Bugün yaşanan krizin fitili, Sudan ordusunun devrik lideri Ömer el-Beşir döneminde Darfur’da kurulan ancak daha sonra ülkenin birçok yerinde faaliyet göstermeye başlayan HDK'nın 2 yıl içinde tamamen orduya entegrasyonunu istemesiyle ateşlendi.
HDK'nin ise sivil hükümetin ardından yaklaşık 10 yıla yayılan bir süreçte bunu kabul edebileceğini açıklamasıyla başlayan söz savaşı ve gerginlik, taraflar arasında, Hartum ve çeşitli şehirlerde silahlı çatışmaya dönüştü.

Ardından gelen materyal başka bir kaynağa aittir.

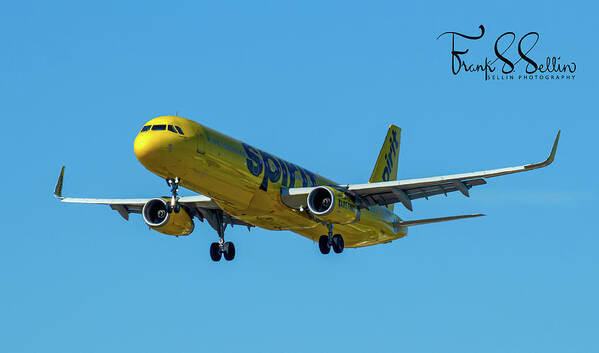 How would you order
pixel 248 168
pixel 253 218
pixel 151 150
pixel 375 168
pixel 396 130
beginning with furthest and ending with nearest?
pixel 396 130, pixel 375 168, pixel 253 218, pixel 248 168, pixel 151 150

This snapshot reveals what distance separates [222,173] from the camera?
45.4m

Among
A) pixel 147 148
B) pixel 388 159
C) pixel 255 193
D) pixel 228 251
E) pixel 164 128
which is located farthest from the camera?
pixel 388 159

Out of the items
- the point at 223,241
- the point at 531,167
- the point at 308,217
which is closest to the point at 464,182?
the point at 531,167

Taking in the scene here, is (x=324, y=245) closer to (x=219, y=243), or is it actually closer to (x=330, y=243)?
(x=330, y=243)

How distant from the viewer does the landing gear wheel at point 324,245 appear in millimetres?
52531

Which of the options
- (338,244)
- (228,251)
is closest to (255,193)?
(338,244)

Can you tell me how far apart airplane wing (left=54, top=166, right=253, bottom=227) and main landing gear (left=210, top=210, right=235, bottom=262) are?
Answer: 45 centimetres

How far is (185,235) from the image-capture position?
176 feet

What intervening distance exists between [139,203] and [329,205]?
1173 cm

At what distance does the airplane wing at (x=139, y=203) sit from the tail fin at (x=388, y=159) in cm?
1094

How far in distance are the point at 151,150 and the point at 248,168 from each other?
5547 mm

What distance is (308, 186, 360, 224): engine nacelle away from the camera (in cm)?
4884

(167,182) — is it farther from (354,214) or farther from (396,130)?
(396,130)

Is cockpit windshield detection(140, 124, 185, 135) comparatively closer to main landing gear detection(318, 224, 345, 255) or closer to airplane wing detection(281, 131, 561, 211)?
airplane wing detection(281, 131, 561, 211) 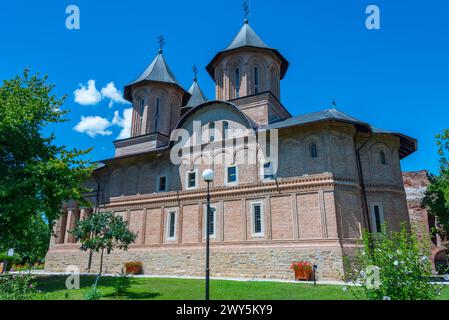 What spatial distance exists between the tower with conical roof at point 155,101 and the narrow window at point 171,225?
7575 mm

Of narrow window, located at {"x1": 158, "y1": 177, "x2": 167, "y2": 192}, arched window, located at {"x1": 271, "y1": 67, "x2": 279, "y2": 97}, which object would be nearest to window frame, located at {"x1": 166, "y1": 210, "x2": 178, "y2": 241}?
narrow window, located at {"x1": 158, "y1": 177, "x2": 167, "y2": 192}

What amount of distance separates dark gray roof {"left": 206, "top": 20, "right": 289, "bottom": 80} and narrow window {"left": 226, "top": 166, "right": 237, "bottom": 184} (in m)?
10.9

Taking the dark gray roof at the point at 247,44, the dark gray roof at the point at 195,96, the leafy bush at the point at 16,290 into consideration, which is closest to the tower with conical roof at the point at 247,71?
the dark gray roof at the point at 247,44

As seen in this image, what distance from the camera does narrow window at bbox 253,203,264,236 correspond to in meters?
19.0

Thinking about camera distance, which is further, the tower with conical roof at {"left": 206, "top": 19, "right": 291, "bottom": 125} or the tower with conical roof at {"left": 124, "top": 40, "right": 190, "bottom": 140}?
the tower with conical roof at {"left": 124, "top": 40, "right": 190, "bottom": 140}

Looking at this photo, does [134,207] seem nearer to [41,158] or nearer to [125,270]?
[125,270]

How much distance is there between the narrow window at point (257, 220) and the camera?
19.0m

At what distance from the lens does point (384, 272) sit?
6.17m

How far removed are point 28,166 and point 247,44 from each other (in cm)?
1844

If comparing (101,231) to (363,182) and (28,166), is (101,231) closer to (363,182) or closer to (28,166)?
(28,166)

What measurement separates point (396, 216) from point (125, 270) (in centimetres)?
1762

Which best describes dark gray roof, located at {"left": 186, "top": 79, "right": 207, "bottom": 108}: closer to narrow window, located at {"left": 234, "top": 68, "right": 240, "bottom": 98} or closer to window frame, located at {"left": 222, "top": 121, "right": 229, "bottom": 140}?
narrow window, located at {"left": 234, "top": 68, "right": 240, "bottom": 98}

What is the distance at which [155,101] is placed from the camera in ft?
95.1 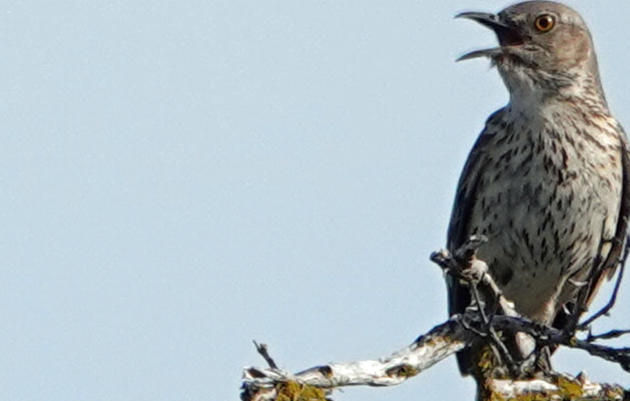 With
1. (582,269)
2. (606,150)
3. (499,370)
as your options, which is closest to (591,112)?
(606,150)

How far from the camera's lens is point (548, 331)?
668 centimetres

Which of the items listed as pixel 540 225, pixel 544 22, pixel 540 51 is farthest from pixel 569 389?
pixel 544 22

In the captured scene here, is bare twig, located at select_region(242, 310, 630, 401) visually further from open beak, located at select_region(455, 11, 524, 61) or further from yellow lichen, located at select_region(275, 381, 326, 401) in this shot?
open beak, located at select_region(455, 11, 524, 61)

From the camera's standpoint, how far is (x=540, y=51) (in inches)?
410

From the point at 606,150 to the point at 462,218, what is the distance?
1.06 m

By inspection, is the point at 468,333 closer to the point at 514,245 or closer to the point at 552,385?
the point at 552,385

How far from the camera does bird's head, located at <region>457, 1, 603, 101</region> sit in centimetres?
1020

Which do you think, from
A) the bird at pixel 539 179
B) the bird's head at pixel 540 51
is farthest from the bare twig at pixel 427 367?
the bird's head at pixel 540 51

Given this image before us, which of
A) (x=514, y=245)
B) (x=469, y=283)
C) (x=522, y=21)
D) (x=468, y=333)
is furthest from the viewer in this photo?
(x=522, y=21)

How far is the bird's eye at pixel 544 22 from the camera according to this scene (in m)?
10.6

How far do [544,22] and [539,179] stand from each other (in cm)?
146

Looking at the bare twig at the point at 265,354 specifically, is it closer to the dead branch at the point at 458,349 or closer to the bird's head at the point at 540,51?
the dead branch at the point at 458,349

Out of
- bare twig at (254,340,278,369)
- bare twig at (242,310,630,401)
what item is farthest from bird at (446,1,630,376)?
bare twig at (254,340,278,369)

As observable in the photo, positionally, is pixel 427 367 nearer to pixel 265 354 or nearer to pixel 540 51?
pixel 265 354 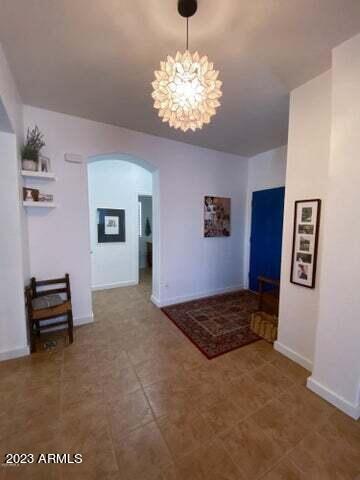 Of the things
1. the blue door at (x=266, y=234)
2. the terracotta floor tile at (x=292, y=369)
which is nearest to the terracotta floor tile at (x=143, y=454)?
the terracotta floor tile at (x=292, y=369)

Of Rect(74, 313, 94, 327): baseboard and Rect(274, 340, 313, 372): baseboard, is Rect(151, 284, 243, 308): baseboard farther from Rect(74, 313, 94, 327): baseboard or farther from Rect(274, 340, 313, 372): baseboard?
Rect(274, 340, 313, 372): baseboard

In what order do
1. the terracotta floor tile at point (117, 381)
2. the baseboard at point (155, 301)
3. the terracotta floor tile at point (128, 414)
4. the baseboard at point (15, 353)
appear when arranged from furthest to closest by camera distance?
the baseboard at point (155, 301) < the baseboard at point (15, 353) < the terracotta floor tile at point (117, 381) < the terracotta floor tile at point (128, 414)

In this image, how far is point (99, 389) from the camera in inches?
68.5

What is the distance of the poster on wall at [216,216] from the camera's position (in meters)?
3.79

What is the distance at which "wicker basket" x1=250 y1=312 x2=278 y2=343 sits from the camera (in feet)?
8.03

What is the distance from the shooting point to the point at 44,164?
7.87 feet

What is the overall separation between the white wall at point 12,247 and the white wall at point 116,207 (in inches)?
79.2

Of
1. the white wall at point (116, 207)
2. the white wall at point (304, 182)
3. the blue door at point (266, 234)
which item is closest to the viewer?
the white wall at point (304, 182)

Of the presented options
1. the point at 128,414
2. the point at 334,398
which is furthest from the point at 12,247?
the point at 334,398

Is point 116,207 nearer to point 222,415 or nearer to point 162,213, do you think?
point 162,213

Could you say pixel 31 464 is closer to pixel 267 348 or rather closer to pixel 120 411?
pixel 120 411

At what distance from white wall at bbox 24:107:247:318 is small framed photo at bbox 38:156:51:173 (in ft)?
0.36

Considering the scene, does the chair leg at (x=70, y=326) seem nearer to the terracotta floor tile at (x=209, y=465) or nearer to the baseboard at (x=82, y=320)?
the baseboard at (x=82, y=320)

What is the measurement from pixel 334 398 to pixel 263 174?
343 cm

Zaman zaman kuvvetli çatışmaların da yaşandığı süreçte onlarca kişi hayatını kaybederken, ülke şiddet sarmalının içerisine sürüklendi.
HDK nedir? Kim, nerede, ne zaman kurdu?
Kökeni, Sudan'ın batısındaki Darfur bölgesinde 2003'te patlak veren iç savaşta kötü şöhrete sahip Cancavid milislerine dayanan Hızlı Destek Kuvvetleri, 2018'deki halk devriminde de önemli rol oynadı.

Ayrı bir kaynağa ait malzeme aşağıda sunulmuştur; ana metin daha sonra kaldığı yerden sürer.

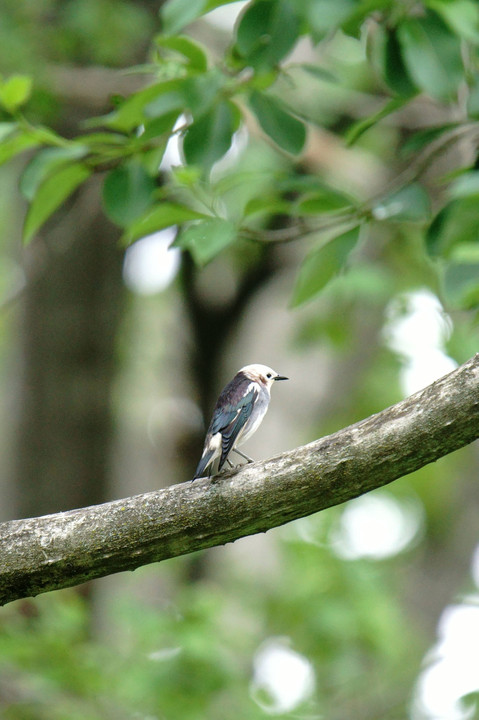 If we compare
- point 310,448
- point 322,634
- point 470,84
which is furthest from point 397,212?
point 322,634

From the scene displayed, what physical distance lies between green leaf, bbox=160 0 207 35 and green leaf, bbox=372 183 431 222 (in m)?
0.89

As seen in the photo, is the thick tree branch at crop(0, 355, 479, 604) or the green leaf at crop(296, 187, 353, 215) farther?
the green leaf at crop(296, 187, 353, 215)

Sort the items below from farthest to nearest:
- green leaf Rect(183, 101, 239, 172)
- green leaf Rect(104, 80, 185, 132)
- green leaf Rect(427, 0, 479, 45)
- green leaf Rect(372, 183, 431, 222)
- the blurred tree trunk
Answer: the blurred tree trunk < green leaf Rect(372, 183, 431, 222) < green leaf Rect(183, 101, 239, 172) < green leaf Rect(104, 80, 185, 132) < green leaf Rect(427, 0, 479, 45)

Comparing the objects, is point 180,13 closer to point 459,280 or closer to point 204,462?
point 459,280

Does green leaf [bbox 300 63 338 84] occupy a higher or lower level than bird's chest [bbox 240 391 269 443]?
higher

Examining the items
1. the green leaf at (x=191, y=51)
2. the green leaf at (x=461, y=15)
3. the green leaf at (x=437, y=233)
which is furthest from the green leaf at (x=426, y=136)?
the green leaf at (x=191, y=51)

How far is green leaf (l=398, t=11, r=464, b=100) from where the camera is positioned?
2.53 m

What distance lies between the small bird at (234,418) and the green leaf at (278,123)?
2.61 feet

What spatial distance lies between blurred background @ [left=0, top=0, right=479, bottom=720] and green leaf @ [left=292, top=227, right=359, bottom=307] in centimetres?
236

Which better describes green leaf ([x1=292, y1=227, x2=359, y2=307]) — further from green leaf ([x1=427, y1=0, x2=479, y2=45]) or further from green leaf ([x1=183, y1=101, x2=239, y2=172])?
green leaf ([x1=427, y1=0, x2=479, y2=45])

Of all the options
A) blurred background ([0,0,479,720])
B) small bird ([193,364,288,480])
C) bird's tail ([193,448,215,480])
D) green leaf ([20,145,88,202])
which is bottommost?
blurred background ([0,0,479,720])

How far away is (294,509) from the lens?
234 cm

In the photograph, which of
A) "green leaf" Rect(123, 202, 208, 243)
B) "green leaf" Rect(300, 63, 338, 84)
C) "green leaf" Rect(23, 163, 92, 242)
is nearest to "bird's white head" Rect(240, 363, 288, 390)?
→ "green leaf" Rect(123, 202, 208, 243)

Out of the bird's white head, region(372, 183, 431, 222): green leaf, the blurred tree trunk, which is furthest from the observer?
the blurred tree trunk
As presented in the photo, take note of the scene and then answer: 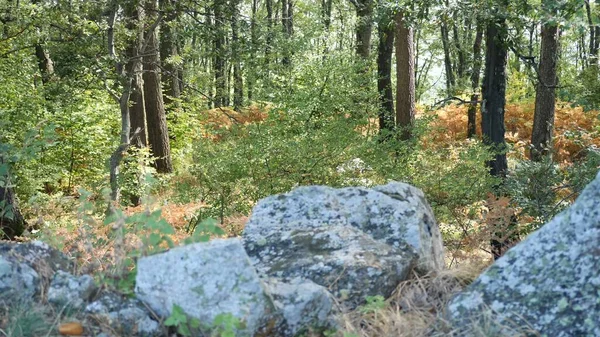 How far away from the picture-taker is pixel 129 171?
1038 centimetres

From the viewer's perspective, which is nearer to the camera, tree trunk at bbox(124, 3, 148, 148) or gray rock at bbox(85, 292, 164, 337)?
gray rock at bbox(85, 292, 164, 337)

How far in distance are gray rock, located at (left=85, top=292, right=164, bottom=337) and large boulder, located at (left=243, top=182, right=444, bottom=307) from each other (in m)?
0.66

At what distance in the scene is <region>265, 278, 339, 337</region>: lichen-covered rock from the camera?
2217 millimetres

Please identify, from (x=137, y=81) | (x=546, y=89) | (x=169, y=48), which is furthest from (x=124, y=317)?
(x=169, y=48)

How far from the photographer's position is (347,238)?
2.96 metres

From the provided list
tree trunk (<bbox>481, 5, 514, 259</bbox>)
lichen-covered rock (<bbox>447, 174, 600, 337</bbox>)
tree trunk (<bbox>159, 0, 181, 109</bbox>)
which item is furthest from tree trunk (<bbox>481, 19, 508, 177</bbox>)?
lichen-covered rock (<bbox>447, 174, 600, 337</bbox>)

Darfur'da 2003'te çoğunlukla Arap olmayanların ayrımcılık şikayetiyle hükümete karşı silahlanması üzerine yaşanan iç savaş ve oluşan insani kriz, 2003-2004 yıllarında dünya gündemine oturdu.

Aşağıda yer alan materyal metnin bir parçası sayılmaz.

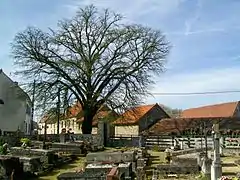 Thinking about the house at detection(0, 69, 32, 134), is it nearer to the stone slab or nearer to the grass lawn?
the grass lawn

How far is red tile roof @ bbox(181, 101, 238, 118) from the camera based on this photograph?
2370 inches

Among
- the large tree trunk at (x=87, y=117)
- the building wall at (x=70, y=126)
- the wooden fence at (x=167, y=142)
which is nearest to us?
the wooden fence at (x=167, y=142)

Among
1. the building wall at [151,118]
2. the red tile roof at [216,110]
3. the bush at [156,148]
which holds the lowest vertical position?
the bush at [156,148]

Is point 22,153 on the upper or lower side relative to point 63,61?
lower

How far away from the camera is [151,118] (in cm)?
5866

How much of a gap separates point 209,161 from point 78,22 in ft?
89.3

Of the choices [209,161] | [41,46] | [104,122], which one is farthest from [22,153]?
[41,46]

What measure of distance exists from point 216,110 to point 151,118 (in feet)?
38.6

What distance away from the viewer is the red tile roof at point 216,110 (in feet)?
197

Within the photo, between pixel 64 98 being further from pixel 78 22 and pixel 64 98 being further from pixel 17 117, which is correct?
pixel 17 117

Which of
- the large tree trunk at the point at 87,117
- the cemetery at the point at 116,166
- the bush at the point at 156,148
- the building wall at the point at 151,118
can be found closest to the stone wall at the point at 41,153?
the cemetery at the point at 116,166

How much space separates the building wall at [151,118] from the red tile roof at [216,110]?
8.81 meters

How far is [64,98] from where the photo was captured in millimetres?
40219

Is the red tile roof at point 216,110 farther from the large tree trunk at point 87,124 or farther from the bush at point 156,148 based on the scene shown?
the bush at point 156,148
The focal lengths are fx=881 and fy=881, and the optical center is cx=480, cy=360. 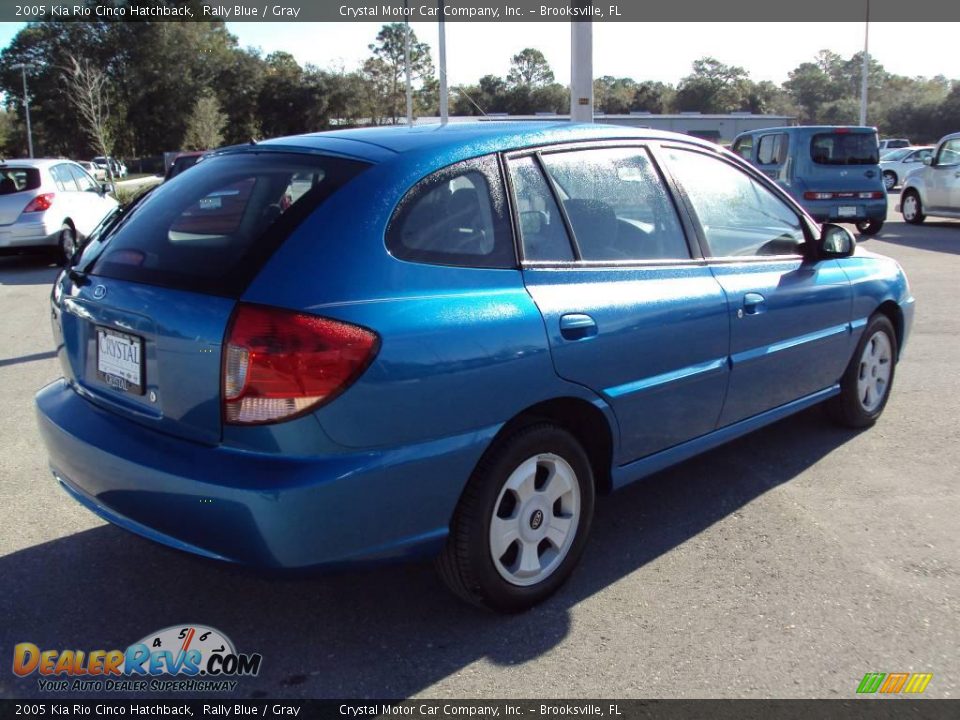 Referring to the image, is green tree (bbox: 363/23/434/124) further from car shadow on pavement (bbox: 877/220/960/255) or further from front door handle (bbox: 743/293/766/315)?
front door handle (bbox: 743/293/766/315)

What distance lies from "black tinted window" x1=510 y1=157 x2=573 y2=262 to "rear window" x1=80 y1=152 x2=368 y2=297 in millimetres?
615

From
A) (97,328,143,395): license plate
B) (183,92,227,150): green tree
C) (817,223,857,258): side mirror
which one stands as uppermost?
(183,92,227,150): green tree

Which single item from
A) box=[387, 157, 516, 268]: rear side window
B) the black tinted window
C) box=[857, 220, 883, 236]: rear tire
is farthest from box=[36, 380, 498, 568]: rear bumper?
box=[857, 220, 883, 236]: rear tire

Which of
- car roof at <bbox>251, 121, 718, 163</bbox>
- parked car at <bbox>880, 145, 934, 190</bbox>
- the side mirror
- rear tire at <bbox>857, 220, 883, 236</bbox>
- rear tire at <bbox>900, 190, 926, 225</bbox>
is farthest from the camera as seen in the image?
parked car at <bbox>880, 145, 934, 190</bbox>

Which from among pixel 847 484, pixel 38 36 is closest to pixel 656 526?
pixel 847 484

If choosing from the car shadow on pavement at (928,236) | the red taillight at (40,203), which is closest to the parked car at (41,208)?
the red taillight at (40,203)

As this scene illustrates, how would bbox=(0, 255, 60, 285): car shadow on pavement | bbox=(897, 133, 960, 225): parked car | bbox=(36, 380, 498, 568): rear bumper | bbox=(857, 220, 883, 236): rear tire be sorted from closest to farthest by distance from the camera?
bbox=(36, 380, 498, 568): rear bumper < bbox=(0, 255, 60, 285): car shadow on pavement < bbox=(857, 220, 883, 236): rear tire < bbox=(897, 133, 960, 225): parked car

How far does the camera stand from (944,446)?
16.1 feet

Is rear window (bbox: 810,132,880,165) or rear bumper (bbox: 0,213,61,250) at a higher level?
rear window (bbox: 810,132,880,165)

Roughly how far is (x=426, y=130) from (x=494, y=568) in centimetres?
167

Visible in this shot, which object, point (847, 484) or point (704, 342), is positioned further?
point (847, 484)

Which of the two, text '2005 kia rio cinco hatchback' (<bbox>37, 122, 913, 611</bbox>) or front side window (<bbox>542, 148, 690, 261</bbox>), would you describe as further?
front side window (<bbox>542, 148, 690, 261</bbox>)

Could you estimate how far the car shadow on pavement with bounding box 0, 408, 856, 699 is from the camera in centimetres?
282

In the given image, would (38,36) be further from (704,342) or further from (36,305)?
(704,342)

Birleşmiş Milletler'e göre (BM) savaşta yaklaşık 300 bin kişi öldü ve yaklaşık 2,5 milyon kişi yerinden edildi.
Dönemin Sudan Devlet Başkanı Ömer el-Beşir, isyancılara karşı savaşmak için bölgenin yerlisi ve çoğunluğu Arap kökenli Cancavid milislerinden destek aldı. Sudan’ın o dönemki liderliği, 2010’da başlayan barış süreciyle HDK’nin da orduya entegre edilmesi için çalışmaya başladı.
Bu amaçla devlet, 2013’te kurulan bu birlikleri önce "Sınır Koruma Birlikleri", sonra da "Hızlı Destek Kuvvetleri" (HDK) adı altında Sudan istihbarat teşkilatına entegre ederek 2014'te resmen tanıdı.
2013 yılında Cancavid denen silahlı milislere liderlik eden Musa Hilal’in Ömer el-Beşir ile ilişkilerini kesmesi, Hilal’in kuzeni "Hımidti" lakabı ile bilinen Muhammed Hamdan Dagalu'nun önünü açan dönüm noktası oldu.
HDK lideri Dagalu, Yemen ve Libya'daki çatışmalarda rol alan ve 2017’de Sudan'ın Darfur ve Kurdufan bölgelerindeki bazı altın madenlerini kontrol eden etkili bir paramiliter güç oluşturdu.
Ocak 2017'de Sudan Parlamentosu, Güvenlik ve İstihbarat Teşkilatı'na bağlı olan HDK'nin Beşir liderliğindeki orduya bağlanmasıyla ilgili "Hızlı Destek Kuvvetleri Yasası"nı kabul etti.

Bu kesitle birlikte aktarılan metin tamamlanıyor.